The night of terror arrived and I painstakingly picked out my outfit, my own interpretation of Jade's advice : something comfortable that you can move in. What kind of clothes are those!? I wore a charcoal v-neck tee and some black stretchy/yoga-y pants. I marched myself out to my car and went. I was hating myself all the way there, thinking of all the things I could be doing instead of facing this tiny little fear.
I pulled up to the studio and made it up the front steps and through the front door before my palms started to sweat and my heart started to race. This was no unreasonable reaction. It is socially customary to scope out the situation one has recently arrived in. Upon my doing so, I found myself in a room full of skirts, slacks, and people who seemed completely at ease and capable of turning pirouettes and jigging to the Emerald Isle herself. This was not good.

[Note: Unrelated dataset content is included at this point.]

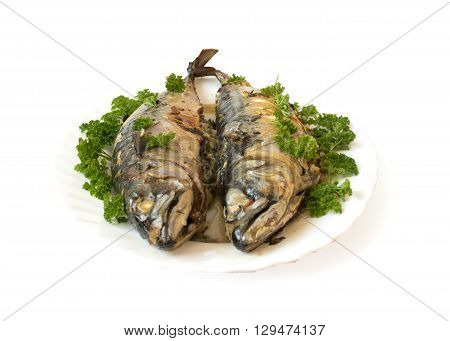Mackerel stuffed with herbs on a white background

Jade must have noticed my look of sheer terror and grabbed my hand before I could bolt. She was short and brunette, and you could tell she was a dancer by the way she dressed. It has been my experience that a dancer's method of getting dressed in the morning involves putting on an abundance of clothing on involving lots of layers and textures. Jade was no exception. She introduced herself as Jade and said the class was about to get under way. I felt a little better after her welcome, but that didn't fix the sweaty palms.

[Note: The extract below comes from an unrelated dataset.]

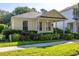 Charming single-story home featuring a quaint front porch, well-maintained landscaping, and a welcoming facade at 6821 Cultivation Way, Winter Garden, FL 34787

Following Jade's directions, we - the well dressed patrons of the art of dance and me, strung ourselves into several lines to do some warming up and stretching. Jade introduced herself and her partner John. We did some moves I can't remember because the next part was too painful. We made two concentric circles, boys on the outside, girls on the inside. My first partner's name was Jake. His girlfriend had dragged him to dance class with her, so his efforts were a bit begrudging. I won't blame my early failure on Jake, as the clumsiness is my own fault. Between his reluctance and my uncoordination, we were a pitiful couple. My second partner was George, who was 55 and creepy. My third partner was Jerry, who was very nice and tried to be helpful, but I was having footwork troubles that were beyond his scope of experience. I don't remember partners 4-6. Toes were stepped on, small talk was made, and darting glances were shot across the room to couples who were actually doing the steps Jade was describing. Partner seven's name escapes me. All I remember is his cologne was heavenly. The rest of the night was a blur until I was making my way out the door after class, amazed at my own survival skills.
Trying new things is exhausting. You have to throw yourself out there, vulnerable to the world, and act like it's no big deal, like your heart isn't pumping twice its normal rate, and you're enjoying making a fool of yourself in the process.